- [Exercise brief] Skip the pictures. Give all the data again exactly.

- [Raw data]

- - - -

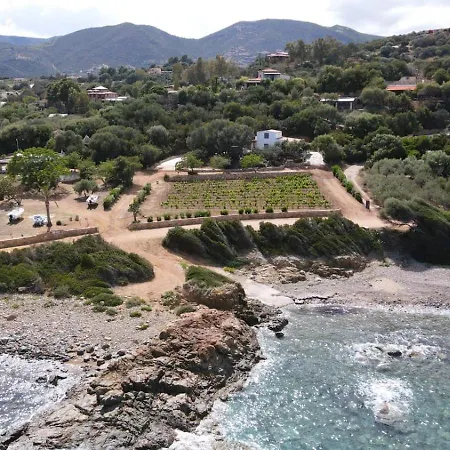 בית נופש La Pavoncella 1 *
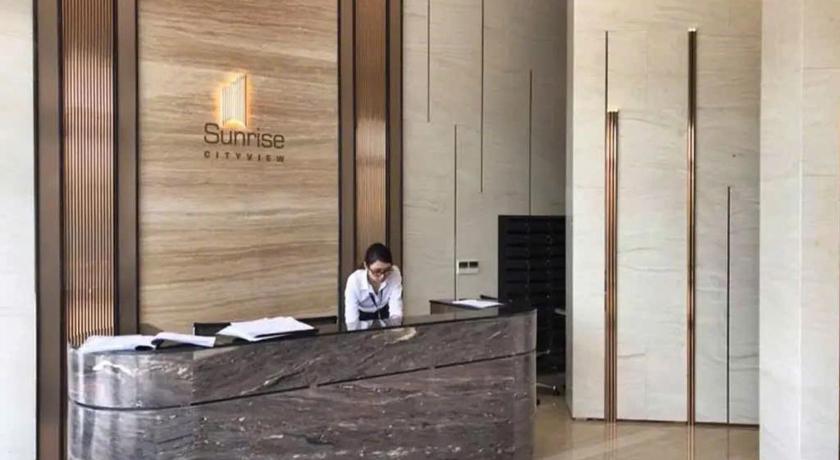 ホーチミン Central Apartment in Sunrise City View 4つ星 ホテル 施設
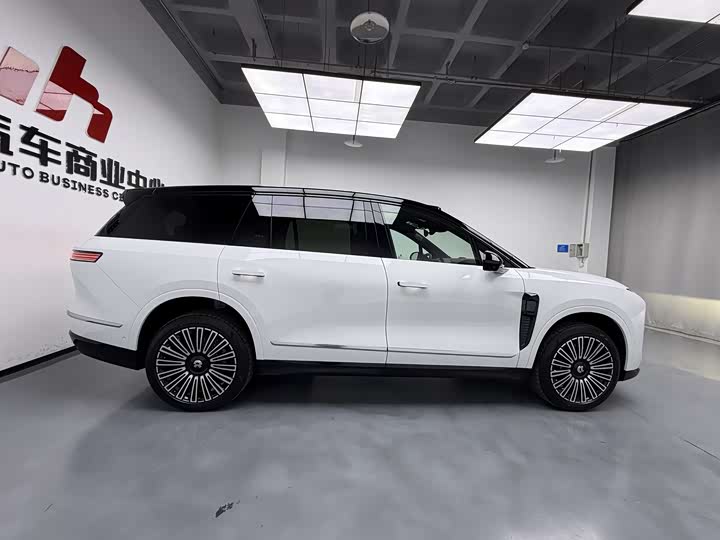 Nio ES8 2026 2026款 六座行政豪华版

- - - -

- [Solved exercise]
 בית נופש La Pavoncella 1 *
 ホーチミン Central Apartment in Sunrise City View 4つ星 ホテル 施設
 Nio ES8 2026 2026款 六座行政豪华版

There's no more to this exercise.